Hon. Kevin C. McClanahan(https://iapps.courts.state.ny.us/nyscef/ViewDocument?docIndex=nuJZqNRIdI6KlnG4JIRdtg==.)
Having necessarily determined that EOM was the owner of the Premises, the judgment issued by the Civil Court after a trial may reasonably be deemed to bar the relief sought by Plaintiffs in the present action-namely, a declaratory judgment to the effect that Plaintiffs are the rightful owners of the very same property-by virtue of the doctrine of collateral estoppel, thereby arguably rendering the present action all but moot. The issue at the heart of the present action has already arguably been adjudicated in another forum (namely, in the Civil Court proceeding).

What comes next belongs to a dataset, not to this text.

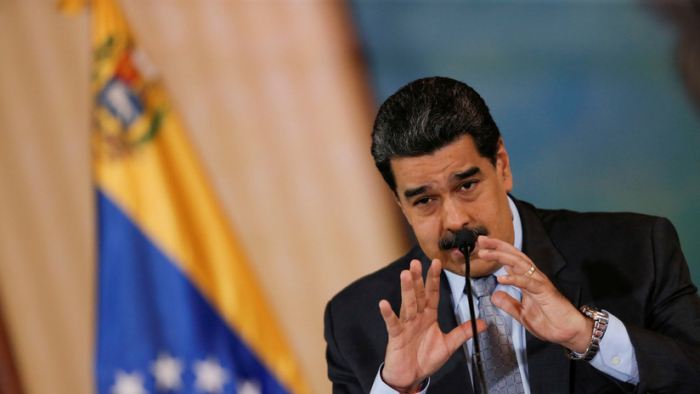 Maduro ordena crear "cuerpos combatientes" para proteger empresas estratégicas en Venezuela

As held by the Court of Appeals in a relatively recent decision:
Issue preclusion, also known as collateral estoppel, bars the relitigation of "an issue of fact or law actually litigated and resolved in a valid court determination essential to the prior judgment"... As a result, the determination of an essential issue is binding in a subsequent action, even if it recurs in the context of a different claim.(Paramount Pictures Corp. v Allianz Risk Transfer AG, 31 N.Y.3d 64, 72 [2018].)

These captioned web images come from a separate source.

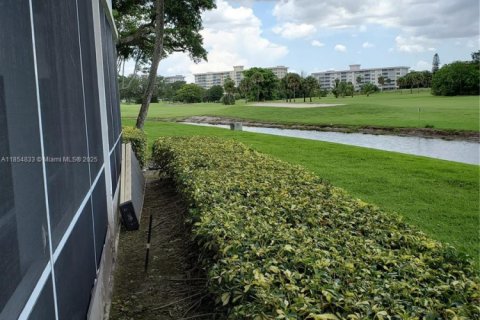 Condo in Pompano Beach, Florida, 2 bedrooms  № 1878411 - photo 18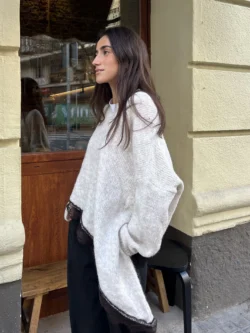 Suéter Boho Color Crema Oversize  - Imagen 2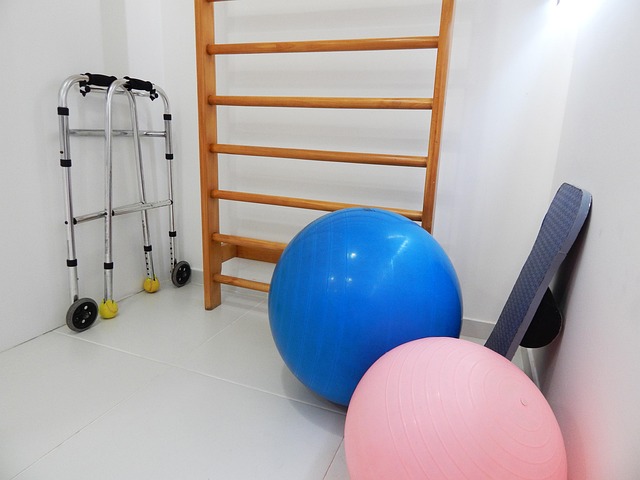 Studio di fisioterapia con attrezzi per il recupero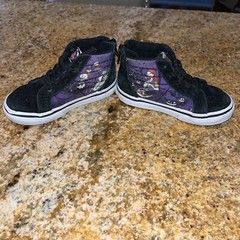 Vans Hi Zip Back The Nightmare Before Christmas Glow in the Dark Kids Sz 6.5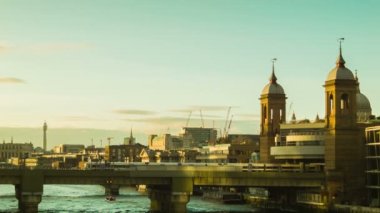 Cannon Street İstasyonu'na geçen tren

This Court notes that Plaintiffs herein asserted adverse possession in the eleventh affirmative defense in their amended answer in the Civil Court action (NYSCEF Doc No. 357, Letter of Leo L. Esses dated June 20, 2023 at 2, citing https://iapps.courts.state.ny.us/nyscef/ViewDocument?docIndex=3fH0yey_PLUS_NY1IHQpirbbEQg== [last accessed ]). As such, even though they did not participate in the trial there and Judge McClanahan did not make an explicit finding regarding adverse possession, the potential effect of collateral estoppel is evident, and this could impair Plaintiffs' argument of likelihood of success on the merits (see Nissequogue Boat Club v State, 14 A.D.3d 542 [2d Dept 2005]; Akbar Self Help Inc. v City of New York, 24 Misc.3d 243 [Sup Ct, Kings County 2009]). In Nissequogue Boat Club, the Appellate Division held that the plaintiff was collaterally estopped from raising an issue of adverse possession in an action to determine a claim to real property, since it unsuccessfully raised the issue as a defense in a summary proceeding in the District Court seeking possession of the same real property. The fact that the District Court did not have the authority to determine issues of title did not bar application of the doctrine of collateral estoppel.

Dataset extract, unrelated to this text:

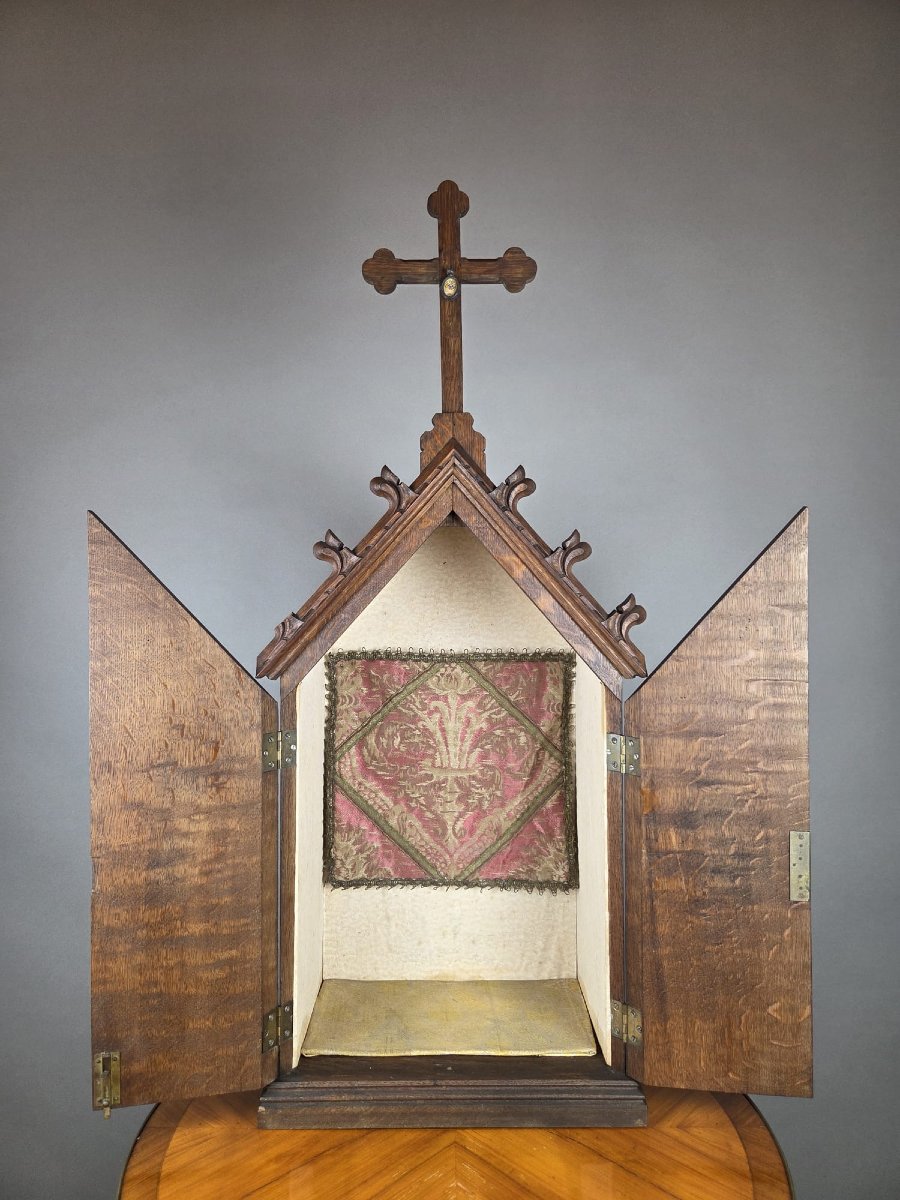 Tabernacle de style Néogothique en chêne sculpté, début 20th-photo-4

The phrase "adverse possession" was not used but the factual assertions in the eleventh affirmative defense (paragraphs 63-69) set forth the elements, and the defense refers to the instant Supreme Court action).
In short, a cogent argument can be made that Plaintiffs had a full and fair opportunity to argue in the context of the Civil Court proceeding that they are the rightful owners of the premises, i.e., that their eleventh affirmative defense precluded a judgment of possession for EOM. This issue, having been litigated through a trial in the Civil Court proceeding, as a result of which EOM was given a final judgment of possession against Plaintiffs, arguably precludes them from claiming a likelihood of success on the merits.
Determination
Plaintiff's application for a TRO was denied since they failed to establish that they met the criteria for its issuance. The motion to enjoin EOM is set for July 14, 2023, before this Court as per the signed order to show cause.